The Combination Acts of 1799 and 1800 made it a criminal offense for workers to combine — to organize, to bargain collectively, to coordinate action on wages and working conditions. The legislation was enforced with particular vigor against skilled trades whose customary organization had provided the infrastructure for negotiation between employers and workers for generations. Under the Acts, the framework knitters who attempted to organize against cut-up work found that their organizations were illegal. Their meetings were criminal. Their collective action was prosecutable. Every peaceful mechanism of redress had been systematically closed before the first frame was broken. The Acts were repealed in 1824, but by then the damage had been done — the Luddite resistance had been crushed, thousands of workers transported or hanged, and the model of industrial relations that would dominate the nineteenth century had been established on terms that gave workers no institutional voice.
The Acts are one of Thompson's central exhibits for his claim that the legal system of the early industrial period represented capital against labor. The asymmetry was explicit: employers could organize freely through chambers of commerce and employer associations. Workers could not organize at all. The state's enforcement machinery — the magistrates, the militia, the courts — was available to one side and directed against the other.

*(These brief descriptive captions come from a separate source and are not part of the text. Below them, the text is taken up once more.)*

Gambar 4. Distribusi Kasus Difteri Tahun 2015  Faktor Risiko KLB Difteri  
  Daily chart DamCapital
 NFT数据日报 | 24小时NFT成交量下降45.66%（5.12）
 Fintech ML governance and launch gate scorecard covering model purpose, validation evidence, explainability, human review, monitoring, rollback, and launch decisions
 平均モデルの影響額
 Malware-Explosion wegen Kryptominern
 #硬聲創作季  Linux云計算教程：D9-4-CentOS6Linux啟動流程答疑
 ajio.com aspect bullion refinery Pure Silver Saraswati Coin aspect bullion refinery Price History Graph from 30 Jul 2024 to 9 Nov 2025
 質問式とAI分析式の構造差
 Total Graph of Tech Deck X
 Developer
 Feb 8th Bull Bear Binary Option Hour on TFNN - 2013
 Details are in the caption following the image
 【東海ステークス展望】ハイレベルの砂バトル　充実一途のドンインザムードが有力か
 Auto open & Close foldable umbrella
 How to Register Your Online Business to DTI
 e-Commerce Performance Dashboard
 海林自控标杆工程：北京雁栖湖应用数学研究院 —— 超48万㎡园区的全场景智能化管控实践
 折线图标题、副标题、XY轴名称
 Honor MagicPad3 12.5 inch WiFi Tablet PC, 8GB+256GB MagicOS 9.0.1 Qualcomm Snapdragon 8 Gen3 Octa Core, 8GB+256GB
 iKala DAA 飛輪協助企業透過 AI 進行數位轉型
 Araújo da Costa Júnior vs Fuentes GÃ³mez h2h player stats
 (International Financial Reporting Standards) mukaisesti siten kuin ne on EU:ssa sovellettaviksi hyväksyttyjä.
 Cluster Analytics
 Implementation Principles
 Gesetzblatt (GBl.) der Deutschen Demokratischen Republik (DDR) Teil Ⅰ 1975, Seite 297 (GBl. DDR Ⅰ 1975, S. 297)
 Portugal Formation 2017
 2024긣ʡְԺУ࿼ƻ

The parallel to contemporary AI governance is structural rather than identical. No legislation today makes worker organization criminal. But the legal and economic arrangements governing knowledge work — the independent contractor classification, the misclassification of platform workers, the non-compete agreements, the forced arbitration clauses — have similar structural effects. Workers find the channels for collective voice progressively narrowed, even where direct criminalization is absent.
The contemporary discourse on regulation typically concerns supply-side rules — what AI companies may build and must disclose. Demand-side protections — the legal architecture through which affected workers might collectively negotiate the terms of AI deployment — remains dramatically underdeveloped. The absence is not accidental. It reflects the political power of AI capital relative to the political power of AI-affected workers, much as the Combination Acts reflected the political power of industrial capital relative to industrial labor.
Thompson's framework predicts that the resolution of this asymmetry will require political struggle analogous to the repeal of the Combination Acts — sustained organizing, public pressure, legislative action producing the architecture within which collective bargaining by code can mature into durable institutional voice.
The Combination Act of 1799 (39 Geo 3 c 81) was passed in the context of fears about revolutionary contagion from France; the Act of 1800 (39 & 40 Geo 3 c 106) extended and systematized its provisions. Repeal came in 1824 under pressure from the reform movement led by Francis Place and Joseph Hume.
Asymmetric criminalization. The Acts made worker organization criminal while leaving employer organization legal.
Channel closure. Combined with the repeal of protective statutes, the Acts closed every legitimate mechanism of worker redress.
Precondition of resistance. The closure is what made Luddite direct action the only remaining option — not the first choice but the last.
Contemporary parallel. Current legal arrangements reproduce the structural effect of channel closure without requiring explicit criminalization.